Publicado en: El Nacional
Por: Elías Pino Iturrieta
La falta de respuesta de la sociedad venezolana ante la tragedia que la aflige es uno de los rasgos más importantes de nuestros días, quizá el más digno de reflexión y el más difícil de comprender. ¿Se le puede entender, en medio de la severa crisis que padecemos?
La vida se ha vuelto un calvario debido a la incompetencia de la dictadura. La pobreza campea mientras la opulencia de los gobernantes se exhibe sin recato. Las condiciones de vida relativamente aceptables y en ciertos casos bastante halagüeñas, que fueron parte de la rutina en los tiempos de la democracia representativa, son apenas la reminiscencia de una experiencia remota que languidece en medio de un extendido desierto. El paso del sedentarismo a la vida nómada, algo inconcebible en el pasado, se ha convertido en una nueva manera de sobrevivir. Las carencias de alimentos y medicinas determinan la mengua física de una muchedumbre que antes contaba con alicientes nada despreciables, y que ahora subsiste en las cercanías de los basureros y en las puertas de las farmacias vacías. La desaparición o la intermitencia escandalosa de los servicios básicos, como el agua potable y la luz eléctrica, muestran un panorama de limitaciones que el país petrolero había superado y que ahora determinan el sendero de una cotidianidad cada vez más llena de penumbras. La alegría solo tiene asiento en las cuentas bancarias de los corruptos de la cúpula y en los negocios sucios de los bolichicos, cuyo contraste con la mengua material de las mayorías remite a situaciones de injusticia e impunidad que no se conocieron, por ejemplo, ni siquiera durante dictaduras extraordinariamente ladronas como las de Gómez y Pérez Jiménez.

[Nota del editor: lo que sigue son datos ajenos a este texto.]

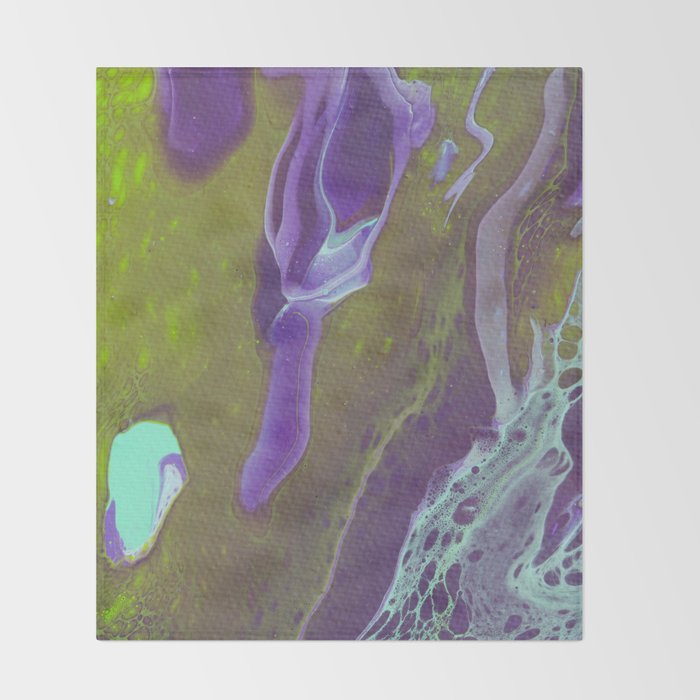 Fluid Art Acrylic Painting Pour 32 Green Purple Turquoise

Es interminable la lista de las falencias y de las aberraciones que claman al cielo, pero se han presentado algunas para contrastarlas con la falta de respuesta del pueblo ante la calamidad que lo asfixia. Ni siquiera se puede ocultar el horror en el mensaje del oficialismo, cuyos discursos forman parte de las carencias que se han mostrado. Palabras huecas, frases acartonadas, vocablos superficiales que no son capaces de ocultar el tamaño del desastre. No pueden levantar un entusiasmo mínimo, debido a la persistente endeblez sin sorpresas que las ha caracterizado desde su origen, es decir, desde cuando las estrenó el comandante Chávez para que fueran poco a poco el pasto de una retórica trivial. Las palabras lampiñas de los voceros de la dictadura también forman parte del desierto venezolano, sin que nadie observe la posibilidad de convertirlo en tierra fértil gracias a la voz o a la opinión de quienes lo habitan en medio de sufrimientos aterradores.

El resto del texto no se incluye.